Dans nos morgues, cimetières, péristyles, au ministère de l’Intérieur et de la Sécurité publique, au sein de la Police Nationale et même au MENFP, sans mentionner les autres ministères, les zombis sont partout dans la ville. Ils reçoivent leurs chèques à temps, et les encaissent sans aucune nuisance, en présentant leur carte d’identité zombie et leur numéro de compte zombie. Dans le cas ou par erreur, ils seraient supposément arrêtés, leurs noms resteront encore mystérieux. Peut-être que le Vaudou nous enseigne et oblige l’État haïtien à mieux prendre soin de nos zombies que de nous-même, de la masse populaire ?

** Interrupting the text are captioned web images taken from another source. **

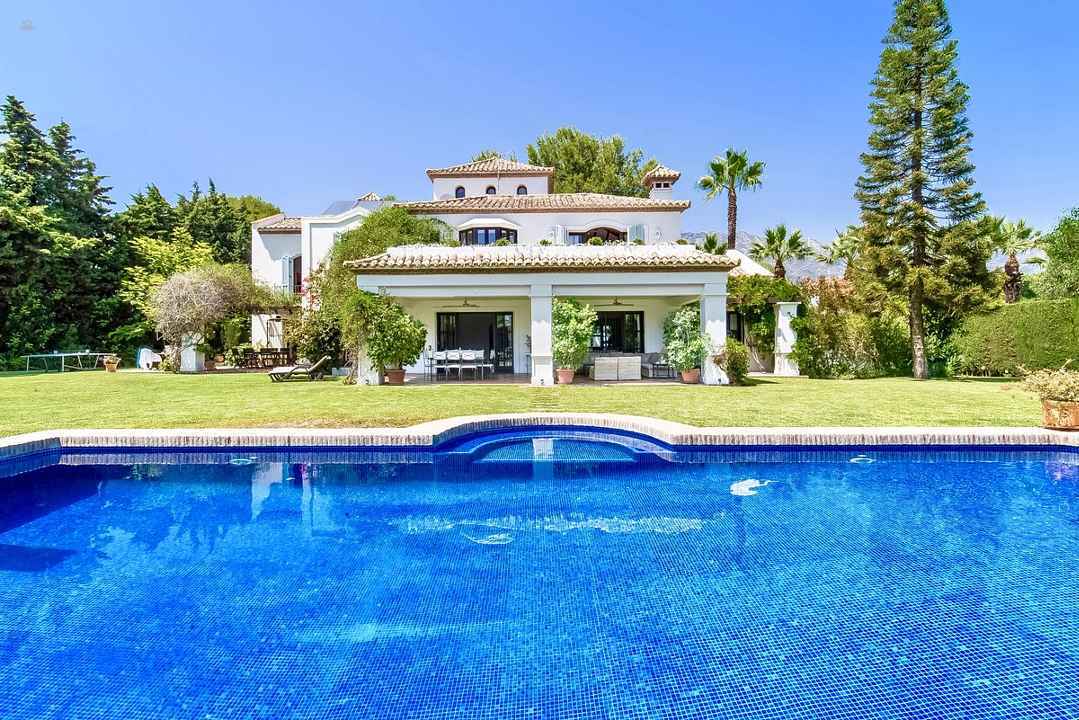  Marbella Villa ES125986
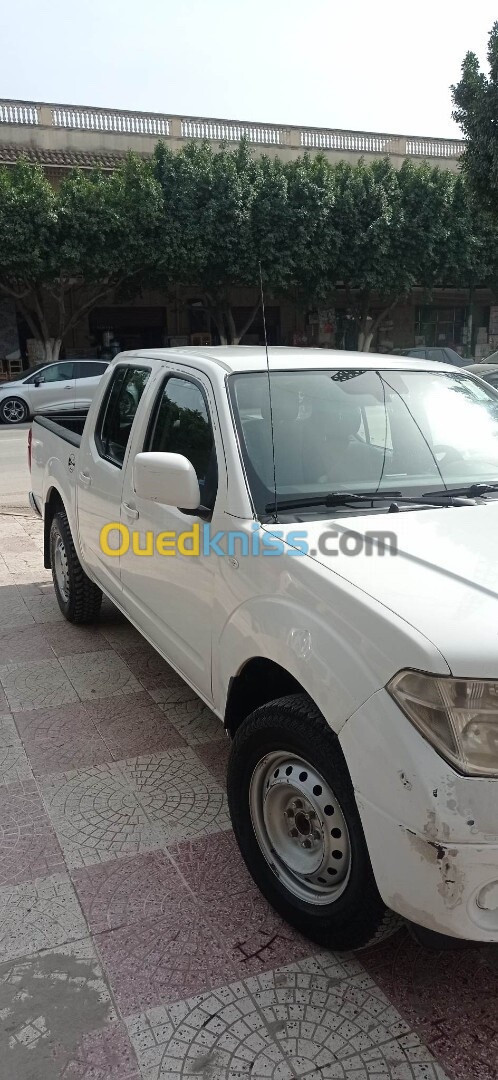 Nissan Navara 2013 Elegance 4x2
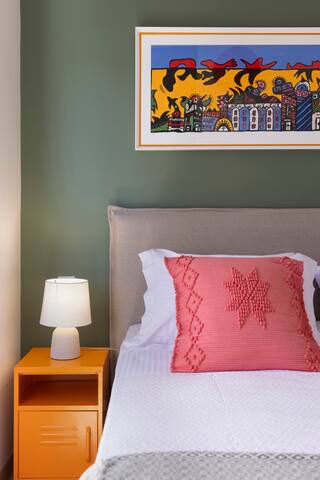 Athome Athens – Stylish flat under the Acropolis gallery image 2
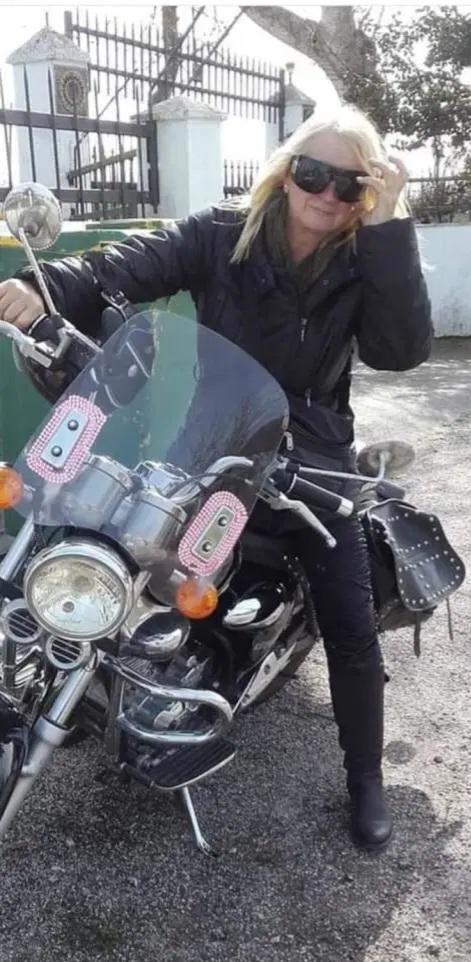 Chica busca chico en La Coruña: 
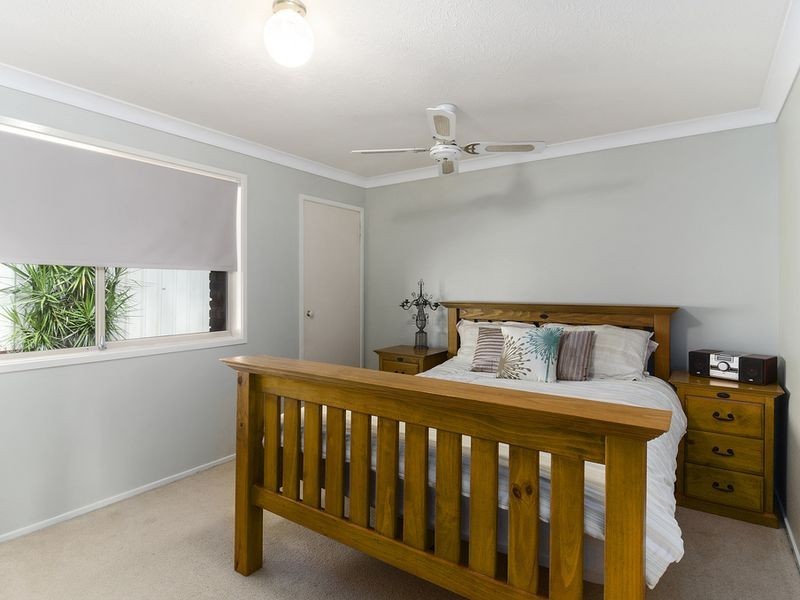 4 Marla Way, Carrara QLD 4211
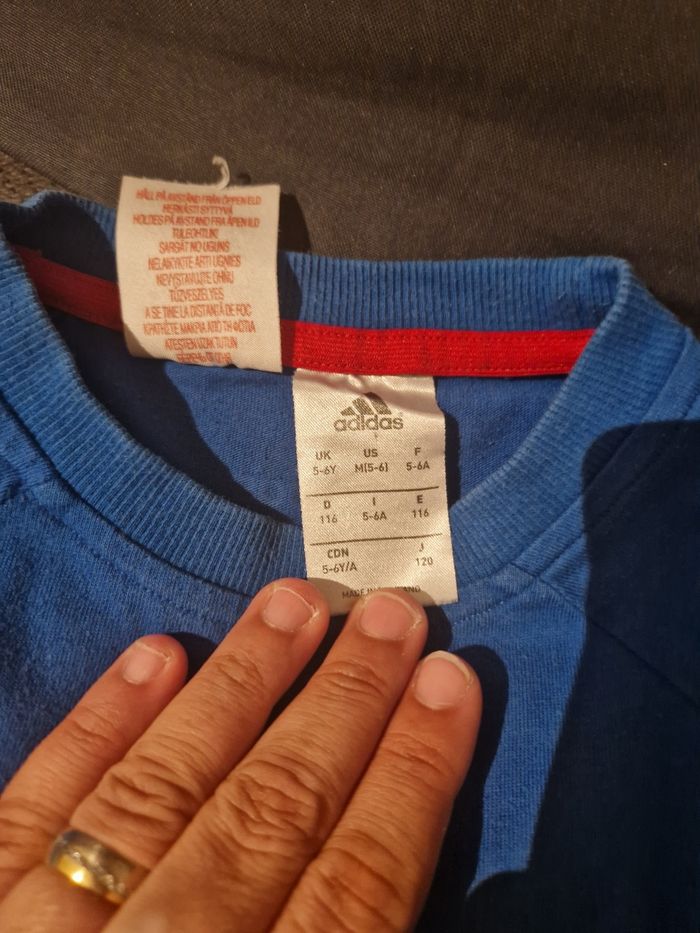 Tee shirt adidas spiderman taille 5/6 ans - photo numéro 2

Tristement, ce n’est pas un conte de fée pour vous endormir. C’est la réalité de notre nation, le mode de fonctionnement de l’État. Le « zombitisme » va au-delà du mandat d’un gouvernement. Il est ancré dans notre système politique. Et ses effets dépassent l’imagination des acteurs hollywoodiens, allant jusqu’à influencer les déclarations du président américain qui déclara que des citoyens décédés il y a plus de 10 ans ou tout simplement des zombies américains qui seraient au nombre de 1,8 million auraient voté contre lui. Bref, dans la lutte contre le « zombitisme », notre seul espoir c’est que dans le futur, quand on cherche réellement où sont passés les zombies, on suivra le conseil de Coupé Cloué dans son titre « Zombi file, ale ». En vain on regardera au loin, dèyè kay la.